STRATÉGIE DE TEMPORISATION
“Jusqu’au lendemain de la mobilisation du 5 décembre, le gouvernement temporisait, estime Gilles Langlois, secrétaire national du syndicat SE-UNSA. Il voulait très clairement enjamber les premières dates de mobilisation pour jauger l’état d’esprit des professeurs avant d’éventuellement sortir un peu du bois”. D’où la stérilité des débats jusqu’ici. Pourtant, dès le départ, les demandes des syndicats sont simples : obtenir le déblocage immédiat de dix milliards d’euros destinés à une revalorisation des salaires des enseignants. En vain. “Cette période où le gouvernement a refusé de s’engager a créé un sentiment de flou difficile à dissiper dans toute la profession, poursuit-il. Maintenant qu’il a été créé, il demeure. Et même aujourd’hui, alors que nous venons d’obtenir des signaux concrets, ils ne sont plus audibles”.
Reçus ce lundi 16 décembre, le Snalc, le Snes, le Snuipp et la FSU ont enfin obtenu une promesse : 10 milliards d’euros seront bien débloqués… mais progressivement, d’ici 2037. Et le détail de ces revalorisations, qui concerneront aussi bien les primes que les salaires sera renseigné dans une loi de programmation pluriannuelle. Cette dernière verra le jour à l’issue de nouvelles discussions entre le ministère et les partenaires sociaux. Une victoire pour les syndicats ? Pas vraiment. “Ce qui ressort de nos échanges comme de la communication gouvernementale, c’est que ce ‘cadeau’ ne se fera pas sans contrepartie, regrette Jean-Rémi Girard. On va nous demander de travailler plus…”. Alors que les “conditions de travail sont difficiles”, que la profession connaît de nombreuses “difficultés pour recruter”, “on nous explique désormais que nous sommes dans un pays où les enseignants ne travaillent pas assez”, déplore le syndicaliste. “Nous avons beau présenter les preuves du contraire, nous sommes dans une négociation où il n’y a rien à négocier”, poursuit-il.

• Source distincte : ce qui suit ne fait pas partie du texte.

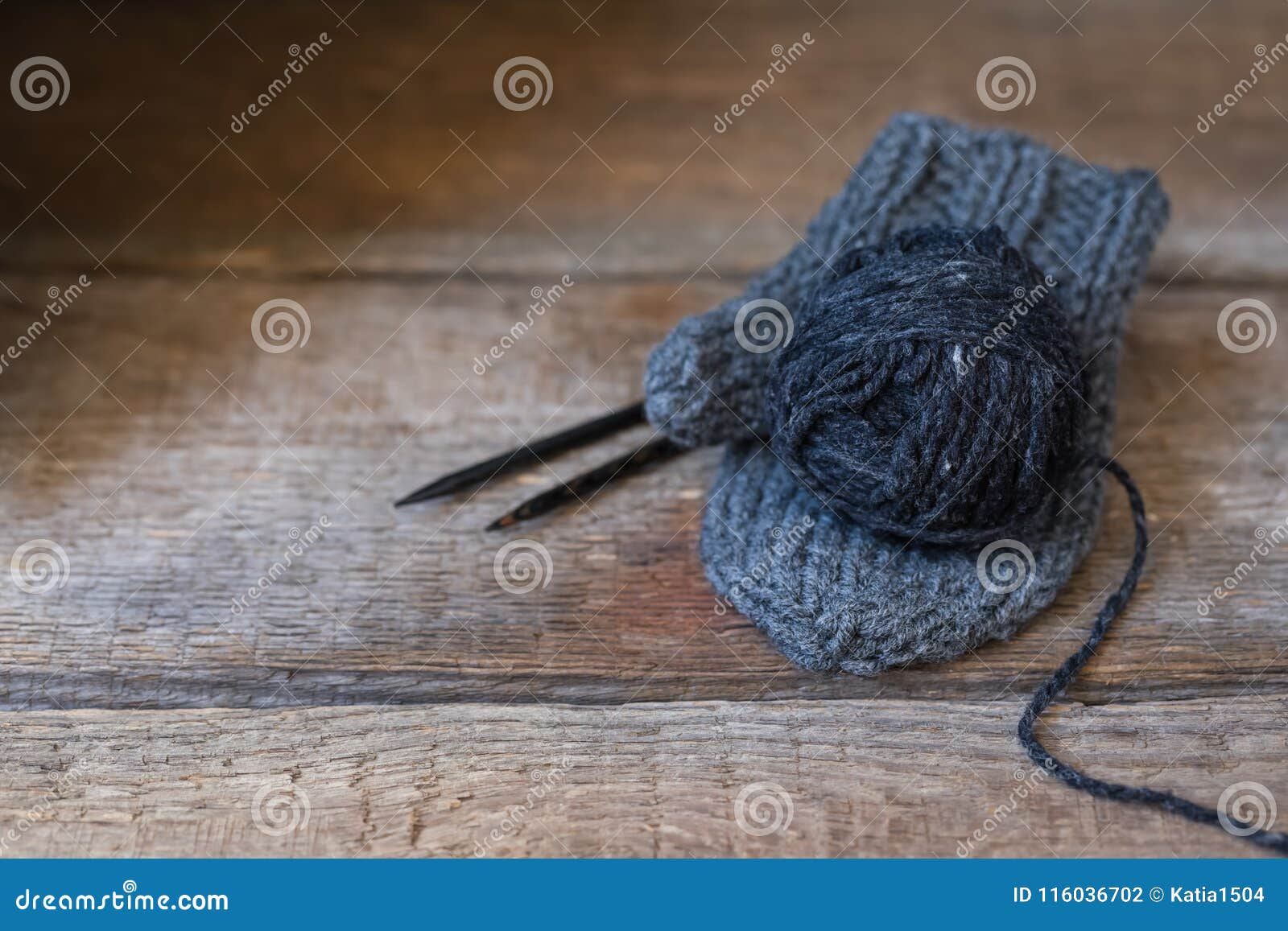 Black Wool Yarn on the Handmade Mitt, Rustic Wabi Sabi Style Background ...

“Ni oui, ni non, seulement des contournements”
Pour le reste, encore une fois, même si on avance, c’est le flou. Dans quel but ? “Le ministre prend soin de garder un discours suffisamment vague pour ne jamais vraiment s’engager, analyse Frédérique Rolet, secrétaire générale du Snes-Fsu. De plus, on a vraiment l’impression que lui-même est dans l’incertitude, que ce soit à propos d’un éventuel calendrier ou même de la masse salariale concernée”. “On ne va pas rendre Jean-Michel Blanquer responsable de tout, nuance Jean-Rémi Girard. Mais son rôle, aujourd’hui, c’est de trouver des solutions. Or, aujourd’hui il ne brille que par son impuissance et ses esquives”.
Dans les rangs syndicaux, la frustration prend des proportions embarrassantes. Selon la représentante du Snes-Fsu, leur dernière rencontre en a été l’illustration : “Nous lui avons demandé ce qui se cachait derrière son fameux 'enseignant du XXIe siècle', sur son intention de 'rendre visible le travail invisible', sur d’éventuels aménagements de fin de carrière, sur la répartition des enveloppes en fonction des années, la prise en compte des années d’études dans le calcul des pensions... Nous voulions des réponses enfin claires. Nous avons eu ni oui, ni non. Seulement des contournements”. Le brouillard, rien que le brouillard.